One thing that always bugged me about my wife, and it was a red flag from the beginning, is she is VERY nonchalant about money. She will $20 and $30 purchase us to death!! Even when we were dating, she would want coffee, then a couple hours later, want to stop by jamaba juice, get dinner somewhere, and probably another stop, repeat that several times a week, I counted out I probably spent over $7K just that first summer when we were dating over money I would of normally spent. I could tell that this was perfectly normal for her to go throughout the day and not be mentally adding up her purchases. Now she doesn't typically buy food outside the house, but the spending habits persist. 

Being in business, not every week is going to be a stellar week, so I am naturally resistant to spending, not saying I do not spend but there is a great amount of blood and sweat that goes into what I make, so I naturally have a bit of fear whenever a big purchase comes up, or any overspending happens, just because the next week may or may not be good.

When I was the sole provider, I would have to tell her ahead of time when things were getting lean, and have to CONSTANTLY remind her, sometimes she would listen and sometimes not. This developed a very toxic relationship IMO....because instead of being understanding she would get accusatory, saying my business is failing, how I'm not doing this or that right etc etc, why has this bill or that bill not been paid, it always ended in a massive fight.

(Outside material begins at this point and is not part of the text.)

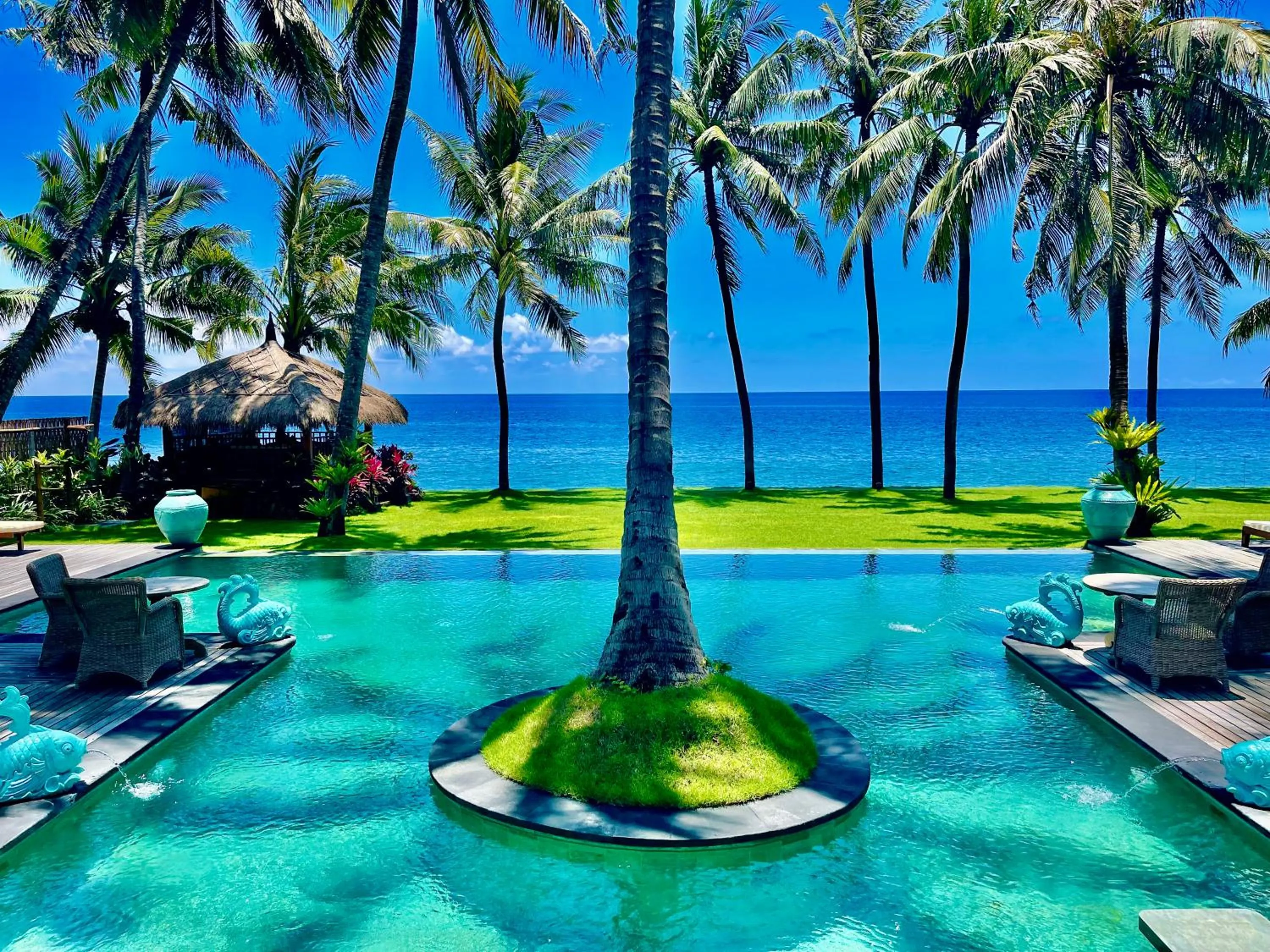 Pool view in Louka Beach Bali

Completely blowing off the EXCESSIVE spending. 

Now that we have 2 incomes, suddenly I am the one who can't be trusted all of the sudden? She considers what she makes HER money now..and shes immediately defensive if I dare step in. I CANNOT ever tell her I'm having a bad week at work, because it turns into the "SEE THATS WHY I HAVE TO WORK EXTRA"..her attitude is absolutely horrible. She litertally can't handle it if her income has to go to an expense or a bill that should of been mine, and here I am getting brainwashed into thinking its MY FAULT? 

Its all bullcrap, even on a terrible year I was still brining in $45K, which at the time was honestly more than enough. Now we make nearly $90-100K per year combined if not more, yet the needle NEVER gets over a few thousand $$$ in the account.

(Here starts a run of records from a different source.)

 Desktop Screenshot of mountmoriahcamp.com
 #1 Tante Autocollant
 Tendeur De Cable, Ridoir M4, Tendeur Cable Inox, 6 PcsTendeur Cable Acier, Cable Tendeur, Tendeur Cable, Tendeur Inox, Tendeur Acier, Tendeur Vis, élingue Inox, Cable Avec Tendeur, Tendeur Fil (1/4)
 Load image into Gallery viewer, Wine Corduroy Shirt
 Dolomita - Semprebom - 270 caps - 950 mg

This woman will not do a budget, she would be fine if I did a budget but she just will not follow the rules. I have shown her on paper the months spending, sometimes a staggering total and it doesn't even phase her. And she has turned me into being defensive about what I make, infact I hardly ever tell her. No one wants to hear a list of things they are doing wrong just because of a bad day or a bad week at work.. 

Recently we had something come up that was going to cost $2-3k, we didn't have it. Instead of facing the music at admitting that yeah we could of cut out 30% of our spending and likely have 4-5 times that on hand, it was of course not her fault, why would that ever be anything to do with her?

Its pretty ridiculous, I will not for one second say I am perfect, but the spending is wildly out of control. And its mostly on stuff we don't really need..its as if she is constantly in a state of trying to figure out a home for every dollar, always pulling at it.

I pay the mortgage, phone, electric, cable, gas, water etc. She does usually pay for daycare for our 2 kids, preschool, insurance, groceries.

I am not calling her a bad wife, I'm just overwhelmed and frustrated, she does have the typical domineering personality, and she always has been a blame shifter, she will go on for hours and hours of whats wrong with everything but her own actions. Even if she does admit something, it seems to be 'all about her'. In all honestly, before our youngest came along I was seriously contemplating ending it. With little ones, I'm not ready to go down that road. She doesn't do much to be supportive of what I do for work. Being a business owner isn't easy, you have to be able to handle the ups and downs, but its still better than working for someone who dictates your schedule and amount of money you make.

I would love to try financial counseling, but my feeling she will just use that as a tool against me rather than trying to make any changes. been there done that. She just lacks the 'fear of spending'.. personally I like to have cushion and not have to cut it close, especially when you can just make some sacrifice of stuff we don't even need in the first place.

So in a summary-
I feel I can't tell her what I make, because it will be spent and then bills wont get paid..or she will try to control every cent of it. Her - she doesn't think she can trust me with money, and refuses to see her own spending patterns. We cant even talk about money without it getting heated. I'm miserable, I can't even have a bad day and feel like I have to confide in others rather than my own wife..I also feel like I cant celebrate a good week without fearing its going to turn into a spend-a-palooza.

That about sums it up, as much as possible in a few paragraphs..im sure many others have been through the same.


----------



## As'laDain (Nov 27, 2011)

have you tried separating your finances so that she does not have access to the money you bring in?


----------



## chillymorn69 (Jun 27, 2016)

Wtf,

Split the bills then what ever she has left is hers and what ever you have left is your.


----------



## StarFires (Feb 27, 2018)

It sounds like you are afraid of your wife and, therefore, afraid to take the lead. It's a simple matter of depositing savings into a separate account and leave the joint account for household expenses. When she complains, tell her "It's time that one of us takes financial responsibility for MY money." Since she wants to claim all her own money as her own, then take care of your home and children, but don't let her have access to the rest. When unexpected expenses occur, the money will be available. The two of you can also make large financial decisions together with that money, or you can leave her out of it completely. It's not up to you to pay for all the household bills AND everything else she wants to buy while she keeps her money to herself. 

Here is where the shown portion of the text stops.